Tangier Gazette
December 12, 2003
Abderrahim Zniber may be regarded as the father figure of Moroccan cricket and, as such, an important character in the history of the country as a whole. He captained Morocco in their first international cricket match in 2001 in an ODI against Japan, mere months after Morocco were admitted into the World Cricket Conference. And since then, he has been at the forefront of every significant event in Moroccan history, until his retirement from the sport altogether last night. Considered by many as the country's first professional cricketer, Zniber was playing top-rung cricket against European clubs way before the World Cricket Conference even existed. Zniber first broke ground in the country of his birth, playing for Ajax Amsterdam in the 1989 Hoofdklasse season as Abder Rahim. After the season he added the family name Zniber, moved to England and went to Oxford to read PPE and enhance his reputation as an idiosyncratic and fearless cricketer: a right-handed batsman, whose response to any bowler or situation was to dance down the track first ball and slam it back over the bowler's head, and a right-arm medium-paced bowler, economical on a good pitch, devastatingly effective on a bad one. Zniber had a couple of productive seasons with Ajax Amsterdam, where his successes included marrying the club chairman's daughter, then returned to Morocco to take on the captaincy of Casablanca CC, which would later go on to become Raja Casablanca, one of the world's top clubs.
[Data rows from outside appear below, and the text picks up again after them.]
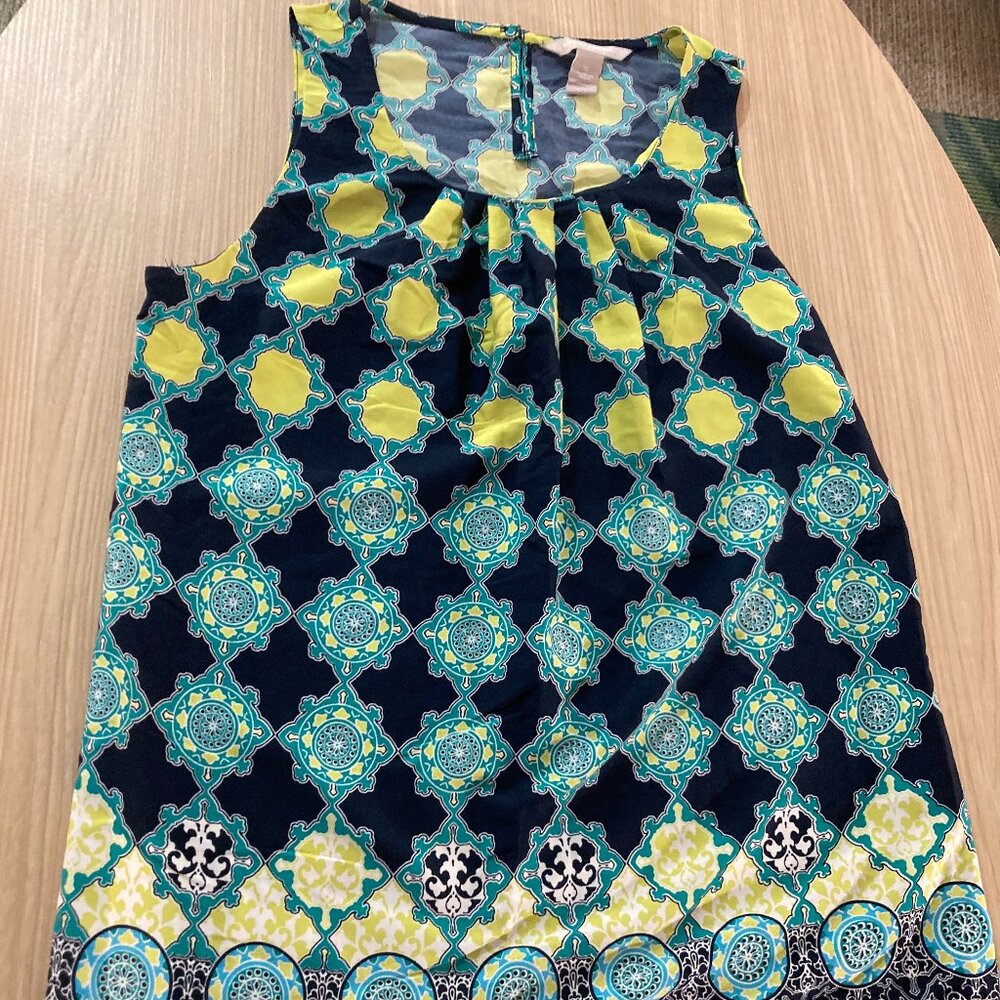 Banana Republic Factory Black Geometric Print Sleeveless Top Small Polyester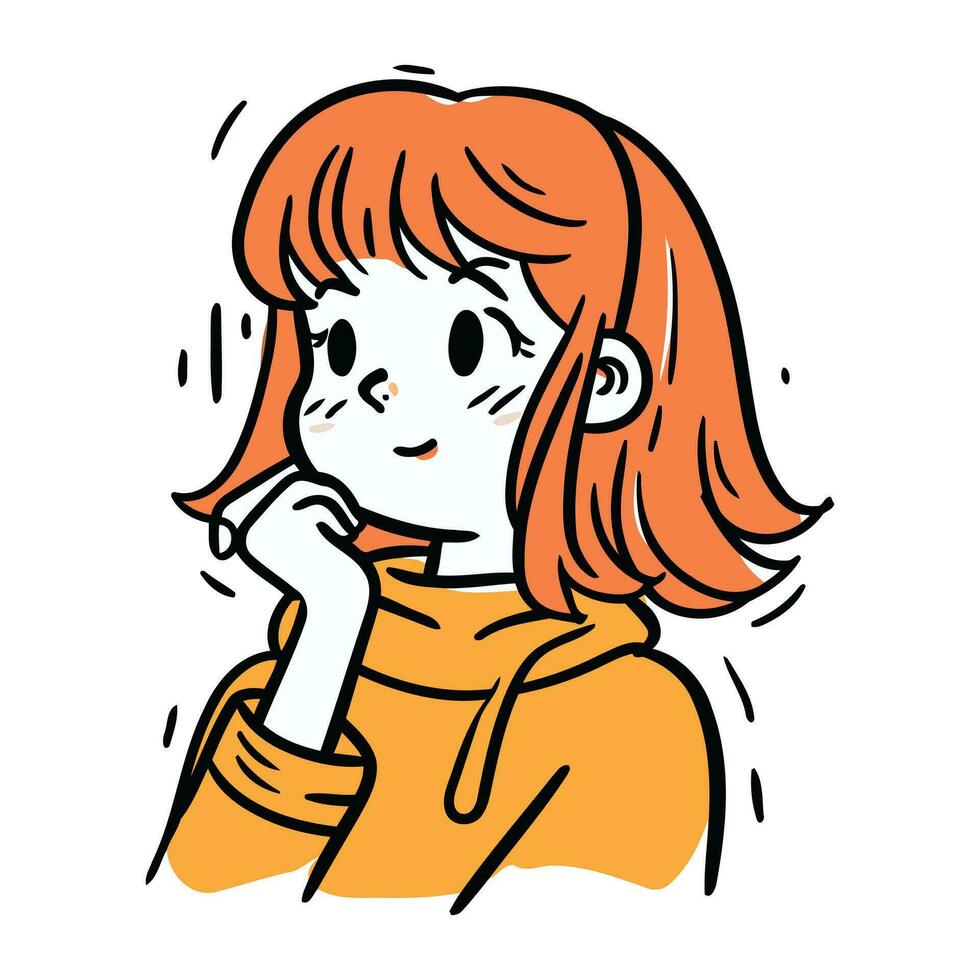 Illustration of a red haired girl in a yellow sweater. vector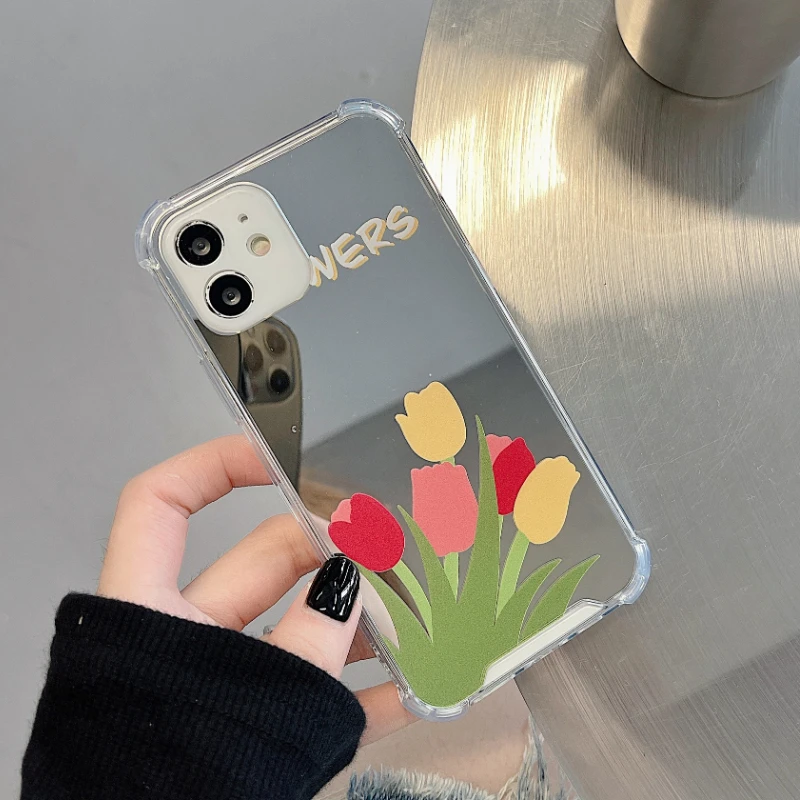 

Cute Watercolor Flowers Makeup Mirror Clear Phone Case For iPhone 13 11 12 Pro X XR XS Max MINI 7 8Plus Shockproof Cartoon Cover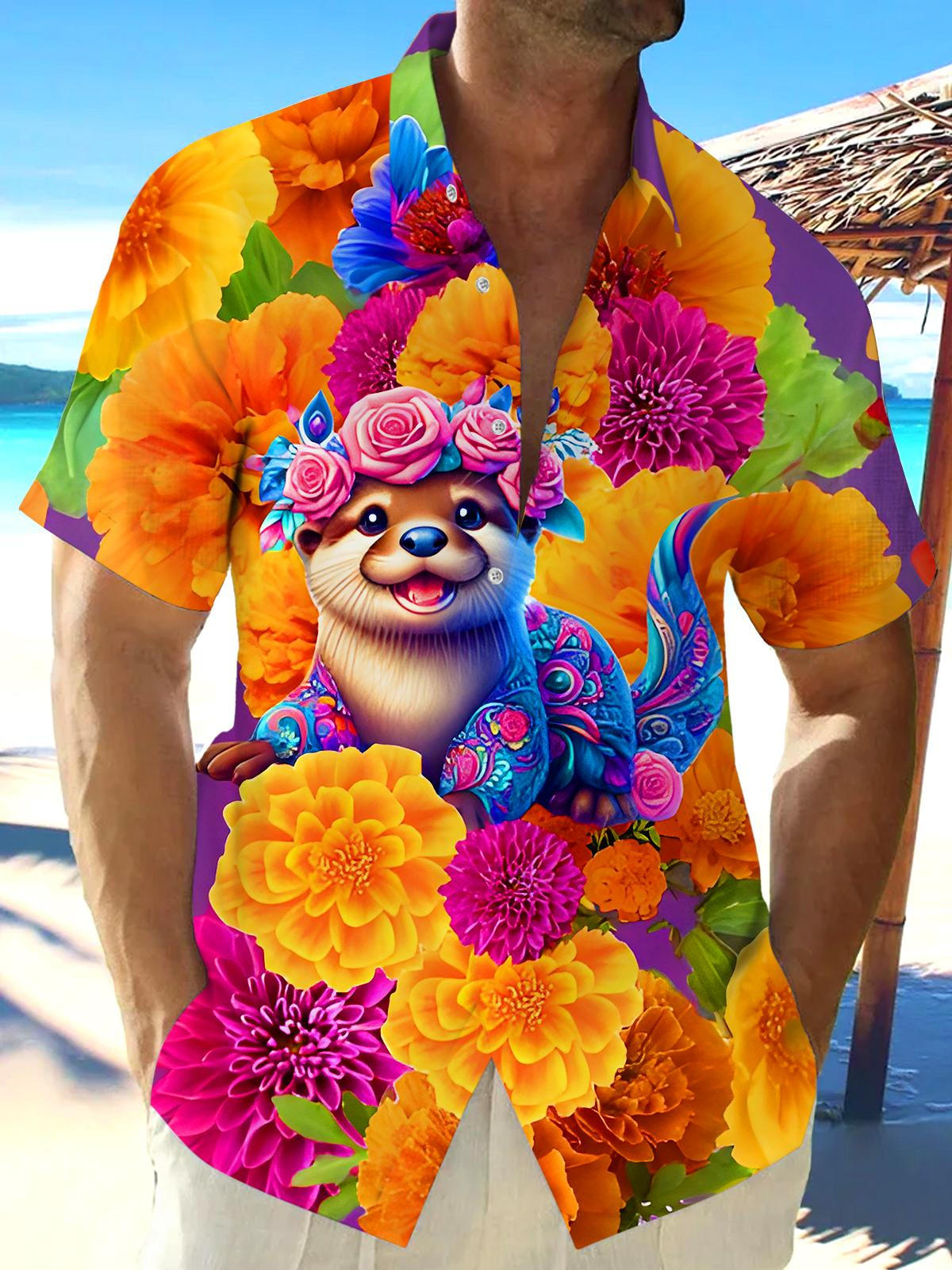 Funny Colorful Floral Otter Men's Pocket Short Sleeve Shirts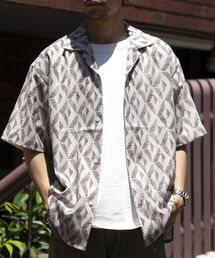 GLOSTER | 【GLOSTER/グロスター】ジオメトリック柄 オープンカラーシャツ メッシュシャツ(シャツ/ブラウス)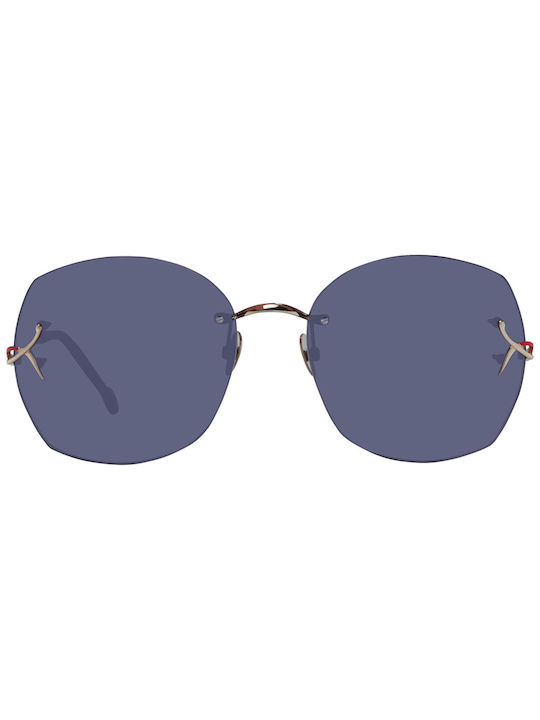 Nathalie Blanc Women's Sunglasses with Gold Metal Frame and Blue Lens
He had learned well under Dutch legends Edgar Kreek and Ronny van den Brom and as such, led Casablanca CC to make them the best cricket club in Morocco, well before the formation of the World Cricket Conference, and even well after it came into being. Once the World Cricket Conference formed, and a couple of years later, Morocco were admitted as a full-member nation, Zniber had reached 30, and with a prolonged history of untreated injuries, he was merely a shell of his former self. Despite his personal woes and the lateness of circumstances opening gateways to cricket's globalization, Zniber took Casablanca CC, now called Raja Casablanca, to even greater heights. Raja Casablanca won back-to-back seasons of the Moroccan Cup in 1999 and 2000, and in both seasons Zniber top-scored as the best batsman of the tournament. As an instrumental figure in Casablanca's early success, Zniber was handed the reigns of the national side once they become a full-member nation of the Conference, and so on debut, Zniber at once made Morocco worthy of respect rather than anyone's sympathy. In 49 internationals as captain, Zniber has led his team to victory over 24 countries. Despite the emergence of a batting wunderkind of sorts in Hervé Hocquard, a version of Zniber merely resembling that springly youngster who first broke onto the season was able to hold his own and be Morocco's stonewall through thick and thin, in fact mostly thin. Having played ten games more than Hervé Hocquard, Zniber retires as the second-most prolific Moroccan batsmen in one-day history, as well as their third-highest scorer in their debut Cricket World Cup.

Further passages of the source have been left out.